What life is all about

Sunday, May 3rd, 2009

            I’m a huge non-fan of most “inspirational” sayings and metaphors for life.  You know, like “Somewhere someone is training harder than you.”  No sh*t.  But I bet that someone didn’t stay up all last night with a sick kid, either.  Or, “Everyday a gazelle wakes up on the African savanna knowing that it has to run faster than the lions that day.”  Wow, man, like pass the bong.  Actually, Young gazelle wakes up and sees sick, slow, OLD gazelle struggling to get to his feet and knows he can mail it in that day.    

            There is some worldly wisdom however, boiled down to a few words, that does SPEAK TO ME.  “Just do it” is deceptively profound and pumps me up.  “The journey of a 1000 miles beginning with one step” is an oldy but a goody.  And call me a softy, but Margaret Mead’s “Never doubt the power of a few to change the world…” still gives me goosebumps.
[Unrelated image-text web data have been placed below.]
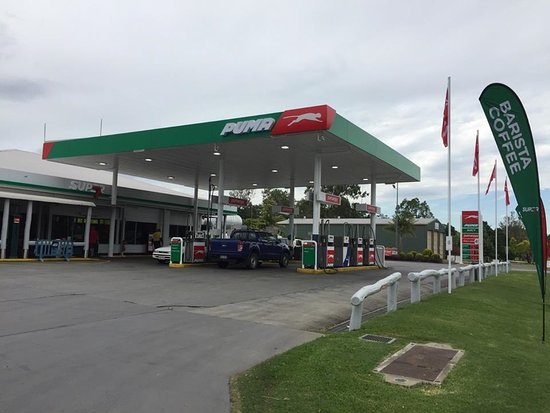 Aratula QLD Tourism Hervey Bay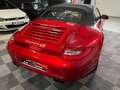 Porsche 997 997.2 4s Cabriolet PDK Rojo - thumbnail 22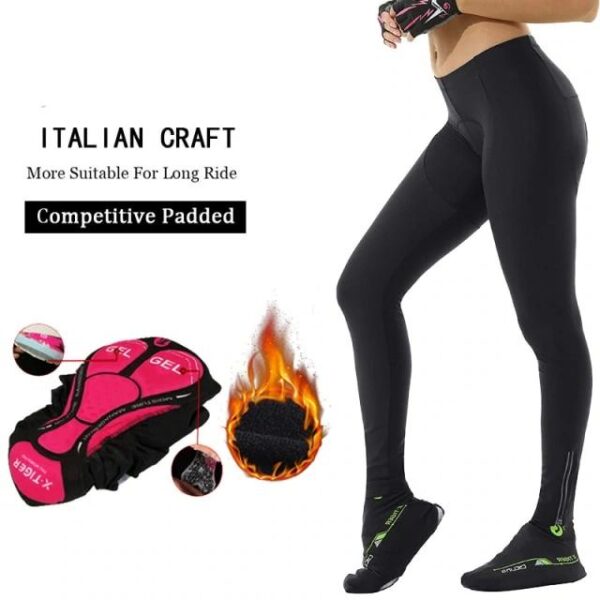 Netti Women Thermal Pants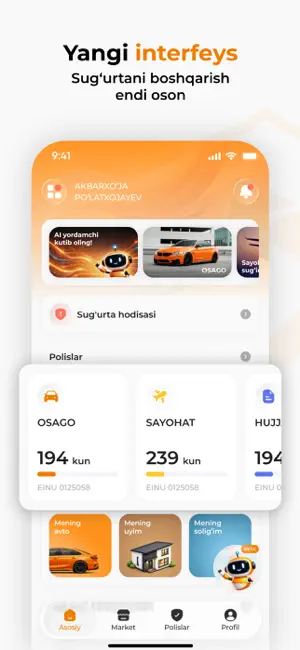 XOTIRJAM screenshot 1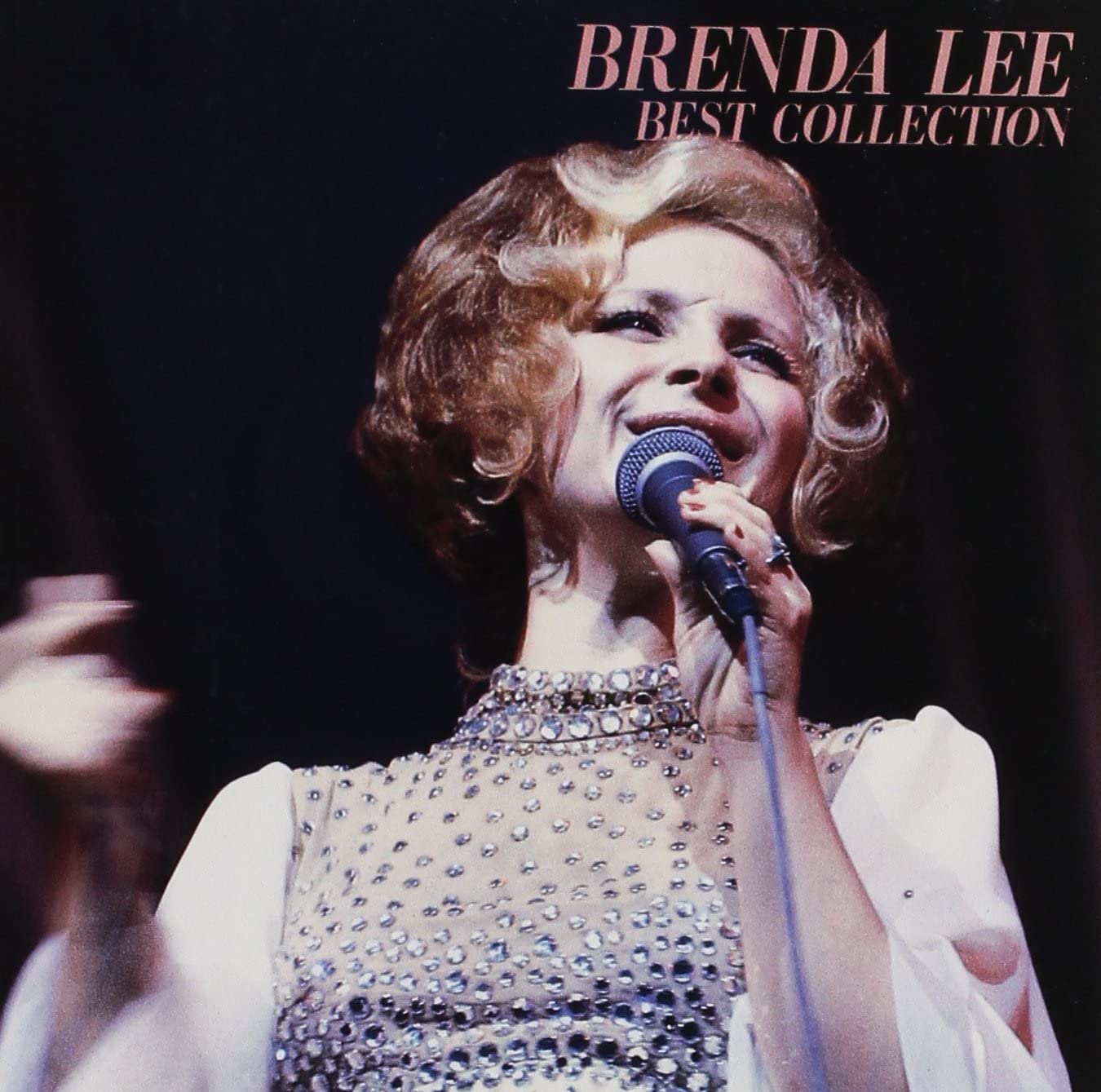 

CD BRENDA LEE - Brenda Lee MVCM3201920 Japan Pop Used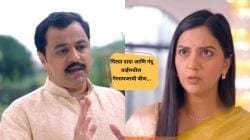 Video: स्वानंदी व समर पुन्हा समोरासमोर येणार, घडणार असे काही की…; ‘वीण दोघांतली ही तुटेना’मध्ये ट्विस्ट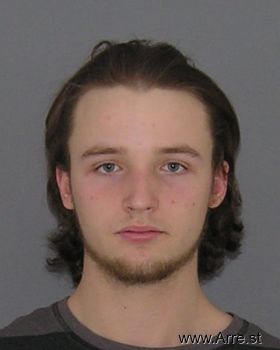 Brandon  Scheper Mugshot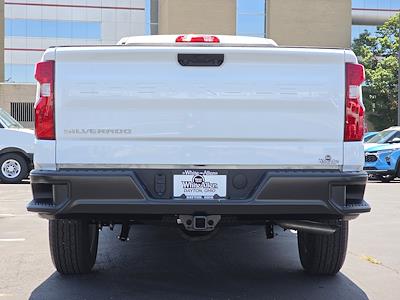2025 Chevrolet Silverado 1500 Regular Cab 2WD Pickup for sale #T25752 - photo 2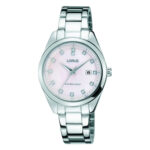 Lorus MOP Dial Ladies Watch RJ247BX9 Lorus Ladies-Elegant watch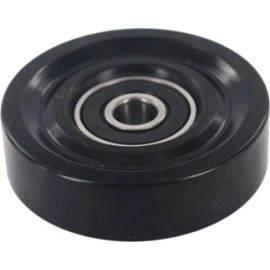 SKF Keilrippenriemen-Spannrolle VKM 65011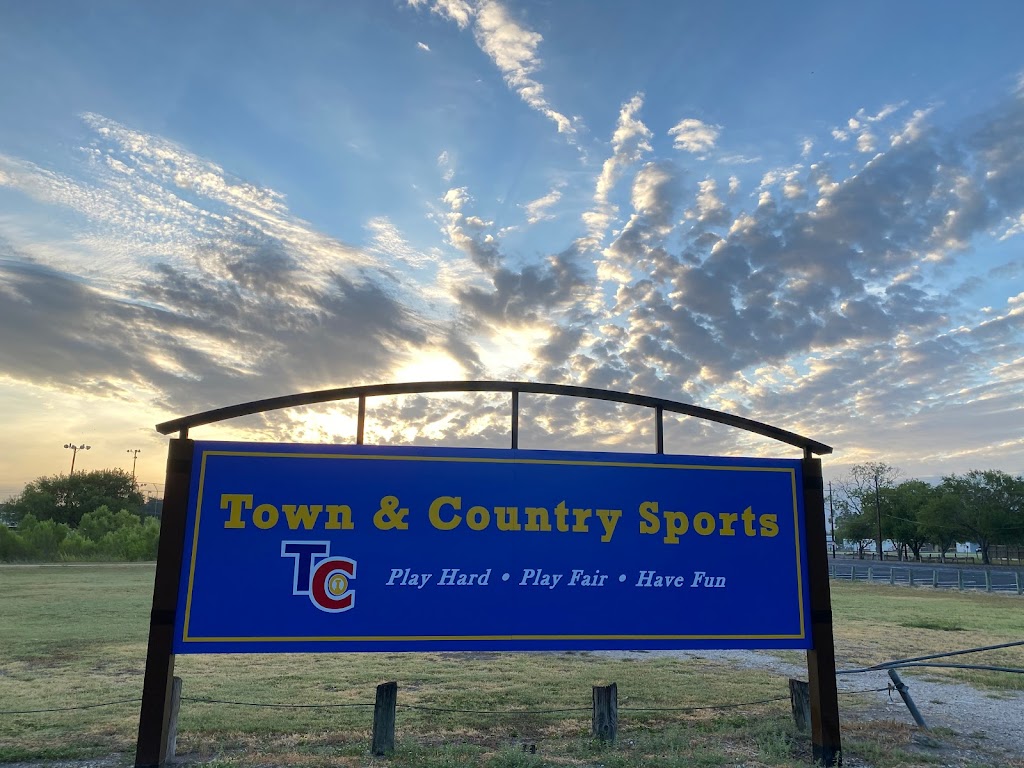 T&C Sports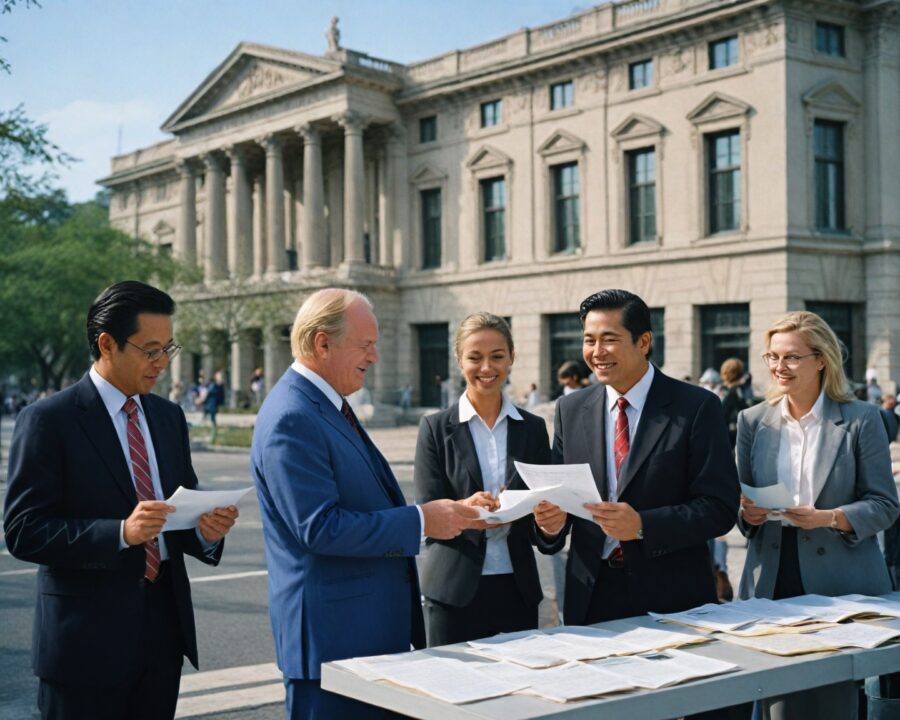 Novos auxílios do governo: o que você precisa saber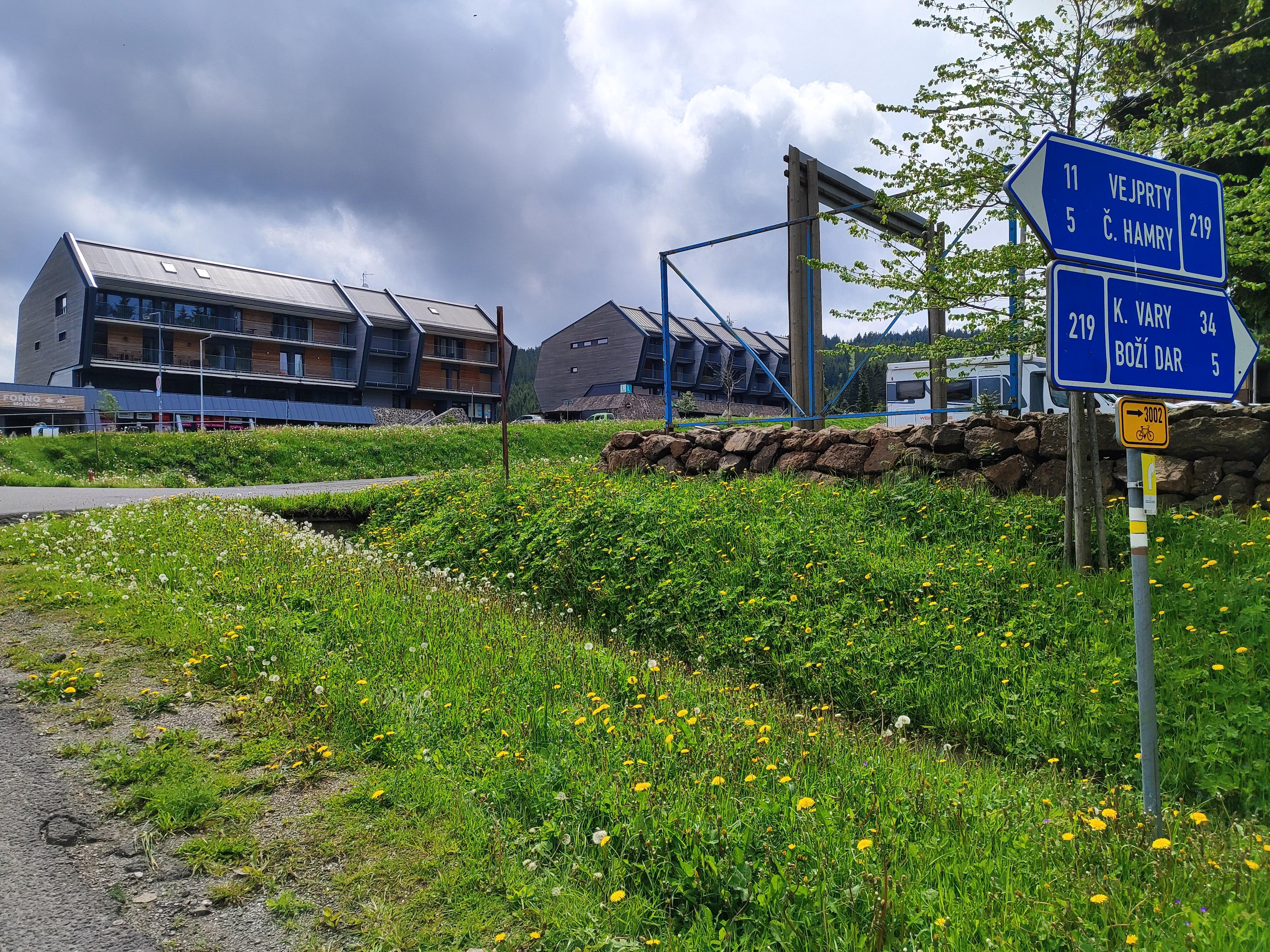 Apartmán Klínovec foto 3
            A long while back my dad sent me a letter with a message that still motivates me twenty years later.  I got the letter back when I was not too long out of college, back when I was really too young to comprehend the value of the message.  (But I’ve hung on to it all this time.)

            The letter was a single piece of unlined white paper (now yellow and getting brittle) with the following couple of handwritten sentences and 6 typed paragraphs:

 

            “Mike, I read this recently and was very much impressed by what it had to say.  Read it, think about it, and read it again from time to time.  I believe it does a good job of describing what life is all about.  Love Ya, Dad.”
 

                      
                                      The Station
            Tucked away in our subconscious is an idyllic vision.  We see ourselves on a long trip that spans the continent.  We are traveling by train.  Out the windows we drink in the passing scene of cars on nearby highways, of children waving at a crossing, of cattle grazing on a distant hill, of smoke pouring from a power plant, of row upon row of corn and wheat, of flatlands and valleys, of mountains and rolling hillsides, of city skylines and village halls. 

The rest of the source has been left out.